With the steady loss of tax revenues since 2007, Oakdale has experienced continued economic downturn to where it has been operating at an over $1 million deficit each year.
Oakdale City Manager Bryan Whitemyer presented a mid-year budget report that was no joke to the city council at a special meeting on Monday, April 1.
Whitemyer used charts and graphs to show increasing city revenues from both sales taxes and property taxes that showed monetary growth to a city that was also growing in population from new home construction.
Between 2002 and 2007, Oakdale’s population increased 35 percent, according to Whitemyer, and the city “ramped up” expenditures, adding a fire station, increasing police and fire department staffing, and adding new recreational services. Employee salaries also rose to stay competitive with surrounding cities and retain current workers.
The redevelopment agency was able to provide millions of dollars for blight reduction projects before being shut down by the state in 2011.
In 2007 housing values began to drop and continued to decline. Many homes were foreclosed or sold in short sale. The result was property tax assessments were reset by the county assessor’s office and property tax revenues dropped.
“Homes that had been purchased and assessed for over $600,000 at one time were now valued at half of that, or less,” said Whitemyer.
Whitemyer also said the city had become dependent on property tax revenues and redevelopment funds to provide services.
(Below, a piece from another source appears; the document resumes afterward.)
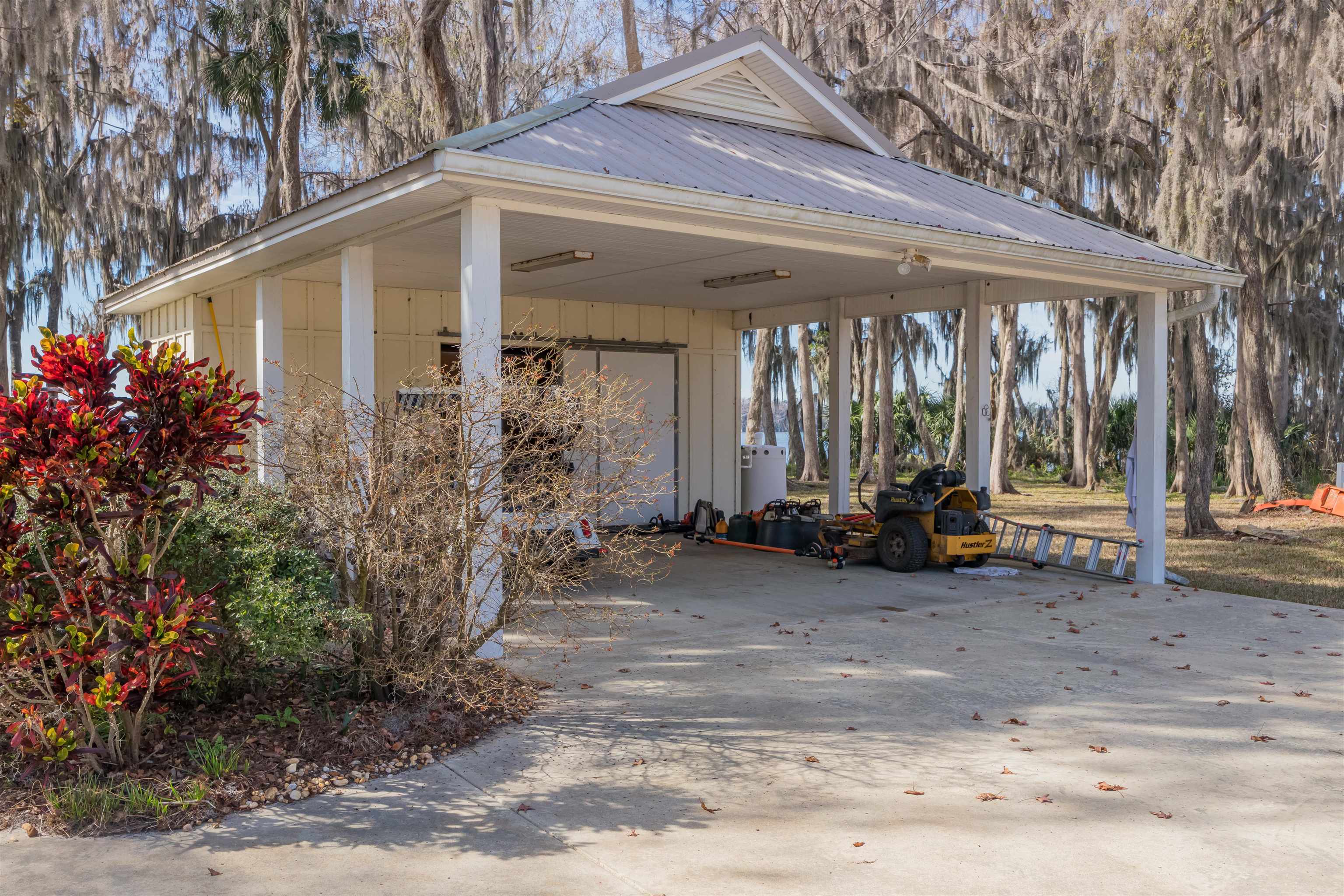Image 84 of 99 For 141 Wooten Rd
The city did not add any major retail establishments since 2002 and lost opportunities to increase its sales tax dollars.
“We were used to having the highest sales tax revenue per capita in the county,” Whitemyer said of the town that was at 15,000 residents in 2002. “Oakdale has great places to shop, but residents are now spending their dollars elsewhere when they can’t get what they need in town.”
Whitemyer identified Riverbank’s Crossroads Shopping Center as an area of “sales tax leakage” that draws money from Oakdale.
He added that the city’s financial condition has not changed much from when the Fiscal Year 2012-2013 budget was adopted.
“Since 2008, the general fund reserve has been steadily declining as cost reductions have not kept up with revenue decreases,” said Whitemyer, who showed a chart showing that in 2005 the city’s expenditures were less than revenues, but in 2008 the gap showing negatives started.
Whitemyer added that figures appeared to be stabilizing as the country as a whole attempts to rebound from the recession.
“The good news is I think we’ve bottomed out, said Whitemyer.
He predicted the city will end the fiscal year with a general fund balance of about $1.6 million.
Measure O, the Sales Tax Initiative passed in November 2011 is helping the city not fall into a negative balance, but the windfall from that measure ends in March 2015. Measure O brings in approximately $1.25 million per year.
Part of Whitemyer’s presentation to the council included addressing employee vacation and sick leave cash outs, which is a liability of $1.5 million.
Whitemyer asked the council for May and June budget workshops to get citizen input on budget priorities for a preliminary budget with a final budget adopted in September. Annual mid-year reviews will be done in February after the previous year budget had been audited.